1- When I was young and skinny (and under 30) and teaching school, my legs would be sore from being on my feet all day long. A fellow teacher my age kept urging me to wear "support hose" for my legs. I pooh-poohed her for a long time - after all support hose were for old women and/or fat women and/or women with varicose veins and/or women who had had 10 kids, and I was so far removed from any of those categories that I wouldn't even consider her suggestion for a very long time. Plus, they were UGLY! I don't remember why I finally decided to try them, but I did, and I should have listened to her from the beginning! They helped me considerably, and I was amazed! It was like I hadn't known that I had a problem until the problem was fixed! I could get through an entire school day without even thinking about my legs hurting. The word "Hanes" "Alive" "South Pacific" come to mind. "South Pacific" may have been the color. They were dress hose and didn't look at all like what I had envisioned support hose to look like. They looked like regular nylons.

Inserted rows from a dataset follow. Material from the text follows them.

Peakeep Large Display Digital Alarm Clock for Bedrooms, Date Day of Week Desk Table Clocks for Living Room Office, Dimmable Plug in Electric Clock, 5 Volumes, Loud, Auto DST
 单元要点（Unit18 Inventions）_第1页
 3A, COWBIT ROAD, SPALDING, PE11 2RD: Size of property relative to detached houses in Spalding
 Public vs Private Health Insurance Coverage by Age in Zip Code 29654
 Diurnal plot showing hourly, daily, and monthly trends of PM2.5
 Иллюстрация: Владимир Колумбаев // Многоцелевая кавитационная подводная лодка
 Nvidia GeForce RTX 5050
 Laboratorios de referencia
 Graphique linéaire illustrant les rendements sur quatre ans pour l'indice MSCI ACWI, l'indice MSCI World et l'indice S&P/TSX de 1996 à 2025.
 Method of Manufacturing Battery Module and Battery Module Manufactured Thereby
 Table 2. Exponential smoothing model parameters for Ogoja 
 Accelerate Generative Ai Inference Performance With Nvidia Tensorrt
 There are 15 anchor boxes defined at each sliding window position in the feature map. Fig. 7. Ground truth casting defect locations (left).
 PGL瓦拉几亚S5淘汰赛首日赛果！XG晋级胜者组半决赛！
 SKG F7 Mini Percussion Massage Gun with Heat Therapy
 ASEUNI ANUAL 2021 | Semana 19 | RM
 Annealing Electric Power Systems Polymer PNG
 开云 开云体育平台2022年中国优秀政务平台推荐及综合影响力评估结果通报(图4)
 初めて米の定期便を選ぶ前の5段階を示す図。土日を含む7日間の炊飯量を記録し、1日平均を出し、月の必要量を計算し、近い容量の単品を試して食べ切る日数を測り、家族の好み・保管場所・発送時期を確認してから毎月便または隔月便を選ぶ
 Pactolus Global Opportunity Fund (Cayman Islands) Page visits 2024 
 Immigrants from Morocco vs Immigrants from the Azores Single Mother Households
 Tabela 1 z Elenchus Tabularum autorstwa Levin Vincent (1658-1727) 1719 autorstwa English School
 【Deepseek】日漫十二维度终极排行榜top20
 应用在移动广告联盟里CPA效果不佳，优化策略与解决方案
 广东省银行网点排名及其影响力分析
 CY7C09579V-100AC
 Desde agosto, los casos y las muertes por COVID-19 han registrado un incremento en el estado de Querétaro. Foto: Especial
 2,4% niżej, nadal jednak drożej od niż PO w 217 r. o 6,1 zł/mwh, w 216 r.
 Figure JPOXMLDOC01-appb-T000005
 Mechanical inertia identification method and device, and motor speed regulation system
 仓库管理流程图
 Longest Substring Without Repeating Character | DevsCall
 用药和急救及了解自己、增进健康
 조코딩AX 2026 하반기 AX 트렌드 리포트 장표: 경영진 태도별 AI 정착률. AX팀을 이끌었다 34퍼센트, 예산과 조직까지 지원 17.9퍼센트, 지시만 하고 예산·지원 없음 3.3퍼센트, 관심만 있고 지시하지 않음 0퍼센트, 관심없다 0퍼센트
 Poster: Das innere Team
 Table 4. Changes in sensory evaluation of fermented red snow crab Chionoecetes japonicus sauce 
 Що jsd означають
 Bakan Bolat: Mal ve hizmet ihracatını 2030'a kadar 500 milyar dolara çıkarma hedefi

2- I started developing a bunion (bunions are very painful!) almost at the very time I bought my machine and I was devastated to think that I would be in pain every time I took a step. Miracle of miracles! Someone suggested Birkenstock shoes, and I had immediate pain relief. Some people suffer for years and spend tons of money to treat their bunion(s), and I was so fortunate to learn about this when my bunion woes were only a couple of months old. Bunions are caused by over pronation and Birkenstocks re-align the foot. So good shoes are a must for starters. I'm sold on Birkenstocks forever. If they can "cure" bunions, they can also prevent bunions.

3- You might want to think about buying (a hand-made) braided wool rug on e-bay. Wool has a natural "cush" that all the carpet paddings attempt to copy.